CITY OF MANGUM et al.
v.
HEATLY et al.

Syllabus

¶0 1. APPEAL AND ERROR--Decisions Appealable--Pleadings--Refusal to Strike. An order overruling a motion to strike certain paragraphs of a petition is not an appealable order.
2. SAME--Presentations Below--Motion for New Trial. Where a cause is tried upon its merits and final judgment rendered after full hearing, and no motion for a new trial is filed by the losing party, such judgment will not be disturbed on appeal for alleged errors of the trial court in ruling upon certain interlocutory motions not constituting a part of the record proper.

H. H. Edwards, for plaintiffs in error.
B. L. Tisinger and Burwell, Crockett & Johnson, for defendants in error.

KANE, C. J.

¶1 This was a suit in equity, wherein the defendants in error, plaintiffs below, as taxpayers, prayed an injunction against the plaintiffs in error, defendants below, enjoining them from selling and delivering certain municipal bonds, with interest coupons attached, issued by the city of Mangum, for the purpose of building a municipal electric light plant. Hereafter the parties will be called "plaintiffs" and "defendants," respectively, as they appeared in the trial court. Upon filing the petition the trial court issued a temporary injunction. Thereafter the defendants filed a motion to strike certain portions of the petition, which was sustained by the trial court as to paragraph 14, and overruled as to paragraphs 15, 16, 17, and 18. Thereupon the defendants filed a pleading entitled "Motion to Dissolve Temporary Injunction," which, omitting the formal parts, is in words and figures as follows:

"Come now the above-named defendants, by their attorney, and move the court the temporary injunction allowed herein be dissolved for the following reasons, to wit: (1) Defendants deny each and every material allegation set out in said petition and demand strict proof of said allegations. (2) That the relief prayed for in said petition would work a great injustice to the citizenship of the city of Mangum. Wherefore defendants pray that the temporary injunction allowed herein be dissolved, and that plaintiffs take nothing by way of relief prayed for, and that plaintiffs be taxed with the costs of this action."

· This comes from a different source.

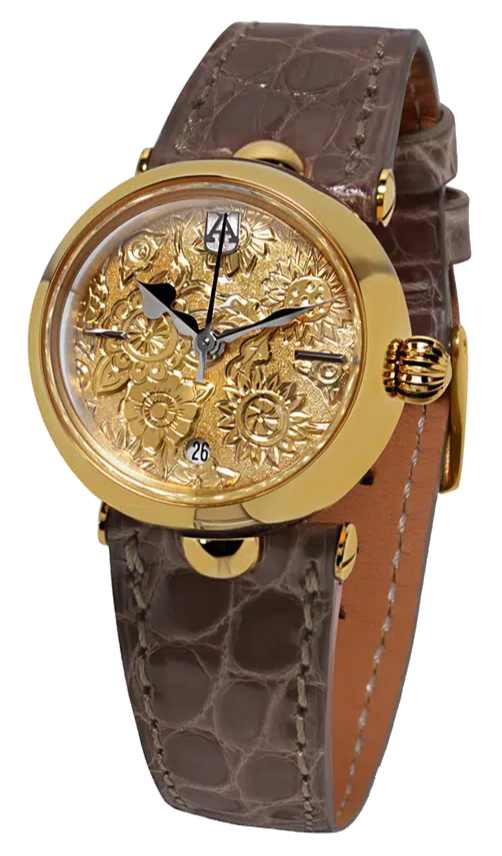 Hodinky Alexander Shorokhoff SHAR AS.SH05-1Y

¶2 This latter pleading, while entitled "Motion to Dissolve Temporary Injunction," is in substance more in the nature of an answer to the petition, in effect, a general denial, and it was thus treated by the trial court and the parties, in the trial upon the merits, which subsequently followed. After the issues were joined as above, the respective parties proceeded to trial, introduced their evidence upon the merits of the case and rested, and thereupon the court rendered a final judgment overruling the motion to dissolve and making the temporary injunction formerly issued permanent. There was no motion for new trial filed by the losing party for the purpose of reviewing the action of the trial court in rendering judgment upon the merits, but a proceeding in error was prosecuted to this court, wherein the only errors assigned are the following:

"(1) The court erred in overruling defendants' motion to strike certain paragraphs from plaintiff's petition. (2) The court erred in overruling defendants' motion to dissolve the temporary injunction."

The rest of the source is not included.